Waiting was a poor option. Oh sure, it will still be there in a few minutes. In the mean time I can piddle around looking at unimportant emails on my phone. Then I can take the picture of the beautiful rainbow stretching over the harbor and the palm trees in this tropical paradise. No rush.

Well of course as I sat there fooling around I glanced over at the rainbow once or twice and soon realized that it was vanishing. Duh! It’s only there as long as the sun and the moisture in the air come together in a certain way. The sun moves constantly. And the moisture evaporates. The rainbow fades and then disappears. Forever. Until the next one comes along.

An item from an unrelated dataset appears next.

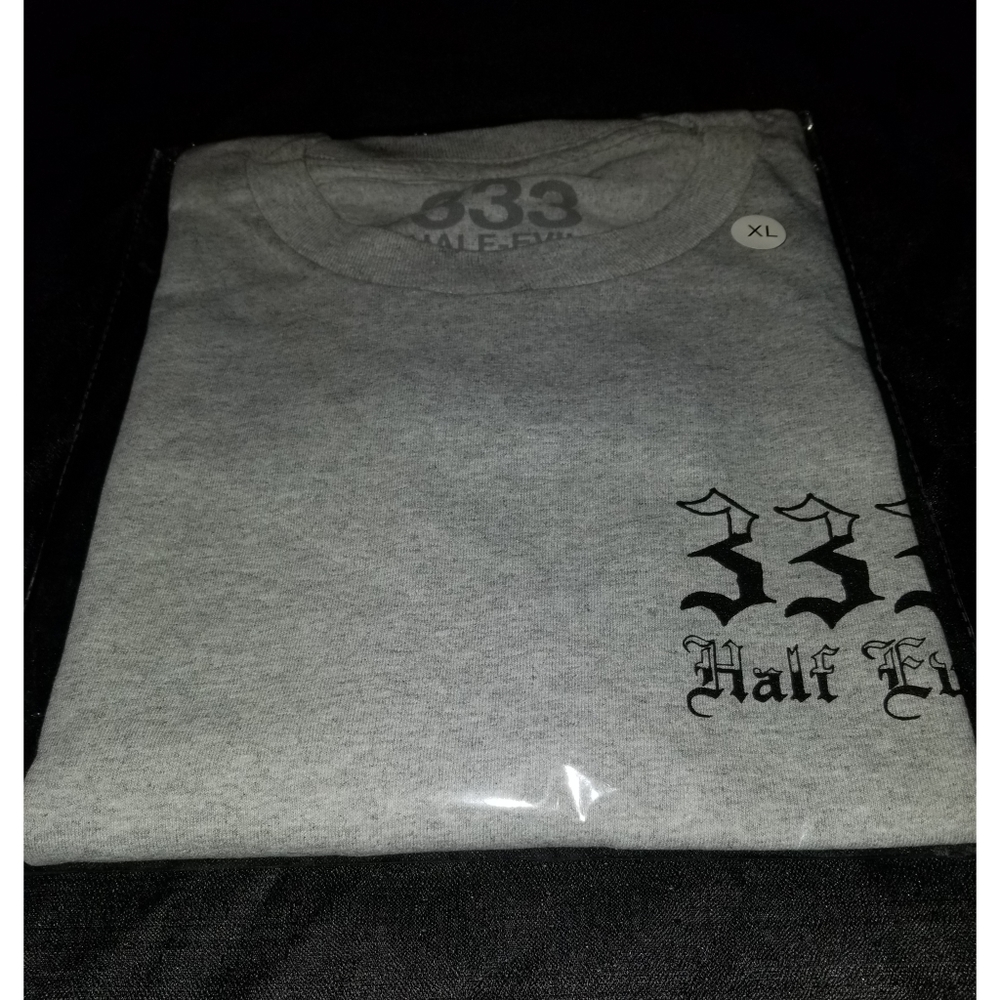 Half Evil " Old English " $3.33 Tee - XL - Heather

That’s the thing- rainbows don’t come along every day. At least not where I live. Maybe in this place, but I’m only visiting here. People always seem to get excited about rainbows. Rightly so, because they are pretty spectacular.

So I missed the opportunity to take a picture of the brilliant rainbow. I knew there would be another someday. But not here. At least not for me.   I was leaving this place today. And I was mad at myself for fooling with the email when I could have been looking at the rainbow.

My visit to this place was a vacation. A week in a tropical paradise. I had indeed checked my email everyday, but I had also taken great advantage of being here. I had eaten strange new foods, and seen people who looked very different from me. I had gone shopping and to the beach. There was a visit to a cultural center that showed me cultures and ways very unlike my own. And there was exploration of the sea while snorkeling, and the mountains while hiking. Things out of my comfort zone. Things I could sometimes barely accomplish. But things I did, and enjoyed.

And now it was coming to an end. Dumb me, instead of catching a final glimpse of the surf and beach from my balcony, instead of watching the surfers and beach bathers, and instead of watching the rainbow, I checked my email. The vacation was over, and I slipped back into the ways of my regular life. Like the rainbow, my rest and relaxation, my fun in the sun, my vacation, all vanished as the world moved on.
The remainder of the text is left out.